I know of a place that few others do.
It’s the kind of place where the silica-rich sand squeaks beneath your feet, you stop wearing shoes of any kind, don’t even think about brushing your hair, and since there aren’t any mirrors around, you stop thinking about how you look, too. It starts to become all about how you feel, which is relaxed and like your soul is getting a nice cleanse.
The water is perfect for Goldilocks types – not too warm and not too cold. It’s just right. The weather is also perfect in November- not too humid, not too hot, and there’s a nice breeze. It’s perfectly acceptable to lounge in a hammock all day while staring at the perfectly blue water, and truth be told, I often do.

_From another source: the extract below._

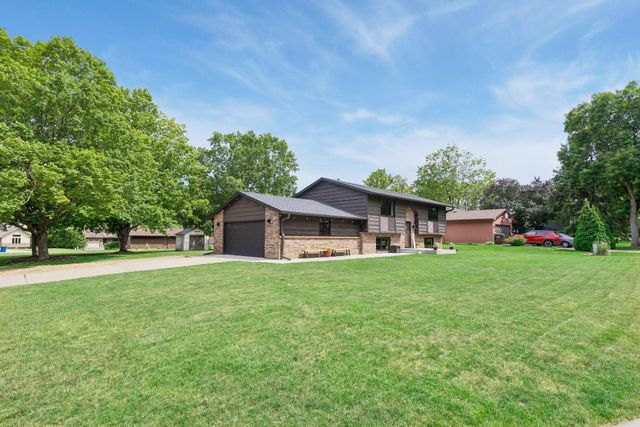 7862 Polaris Lane N, Maple Grove, MN 55311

The beach isn’t all that long. One can walk from one end to the other in less than an hour, skipping from the lighthouse on over to the sunset point.
On the way, you’ll pass by a couple of diving schools as Tofo in Mozambique is a popular diving spot. It’s famous for the big stuff like manta rays and such. I can vouch, I saw a whale shark there.

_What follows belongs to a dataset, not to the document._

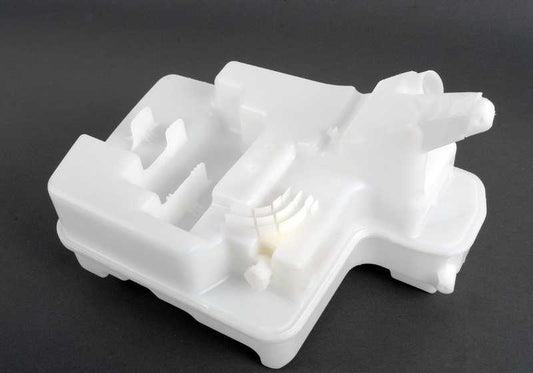 Tanque de pára -brisa para pára -brisa para BMW 5 E60, E60N Series, 6 E63, E63N, E64, E64N (OEM 61677179453). BMW original.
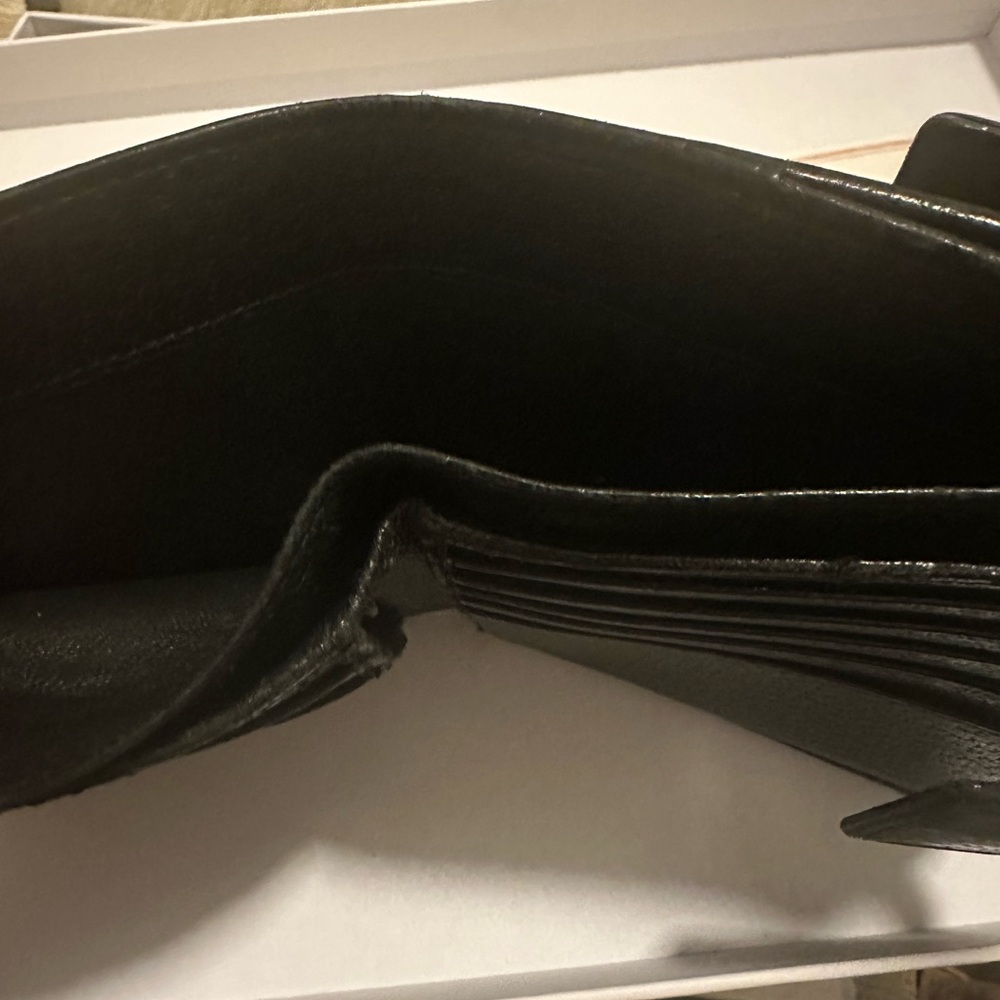Gucci Eclipse Insignia Wallet - Picture 10 of 12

Of course it’s not all perfection. Sometimes the power goes off, and yes, there is a mosquito here and there. The journey to get to Tofo is a treacherous one full of 10-hour overcrowded bus journeys that outdoes every single other horrific bus journey I’ve taken times ten. The nearest ATM is a 30-minute walk away, and even flights tend to go days with cancellation after cancellation.
But when I can stay in my own bamboo bungalow for $15 per night and a plate of fresh barracuda only sets me back $5, these are small detractors, and I can get over the inconvenience.

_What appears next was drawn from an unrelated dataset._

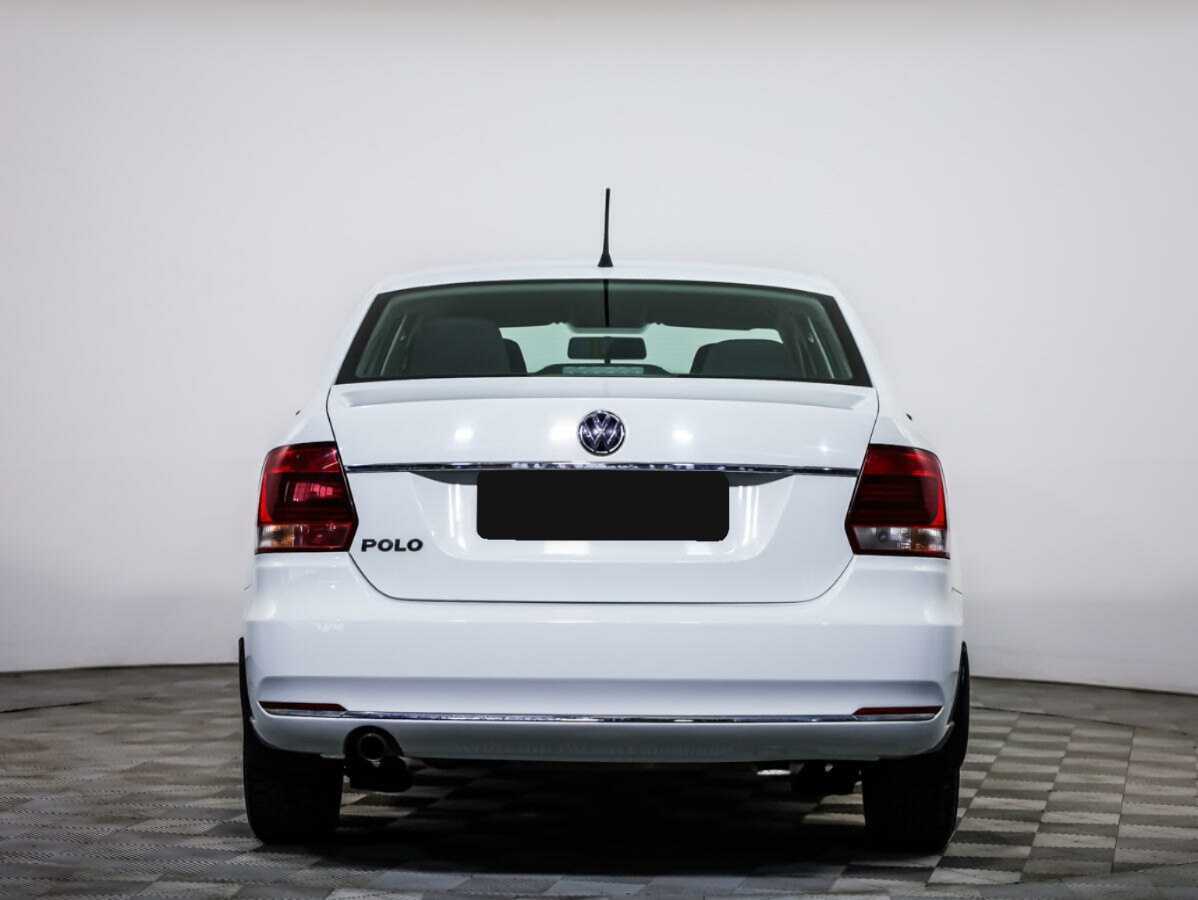 Купить Volkswagen Polo с пробегом. Фото: #4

There are a few backpackers accommodations which consist of beach huts and campsites, one fancy-ish hotel, a small market where they sell the world’s best mango for 5 mets (like, not even 10 cents), along with fresh lobster, barracuda, and prawns, and a couple of open-air restaurants where the food takes an hour or two to arrive. It’s just the way it goes in a place where life moves slowly.
Unlike most beaches this pristine and beautiful, Tofo’s tourism appears to be on the decline. The dropping tourist numbers are probably due to the continued difficulty of traveling there, the scarce information about the place, and the falling value of the South African rand.
While quad biking around the dunes and coconut tree forests behind the main beach, I can see that construction was started only to be abandoned on several resorts. One in particular only has one bungalow left after a fire, yet it’s still fully staffed. I took the chance to have a whole resort to myself and booked the villa for one night. It was creepy yet incredible at the same time to have the entire secluded mangrove for miles.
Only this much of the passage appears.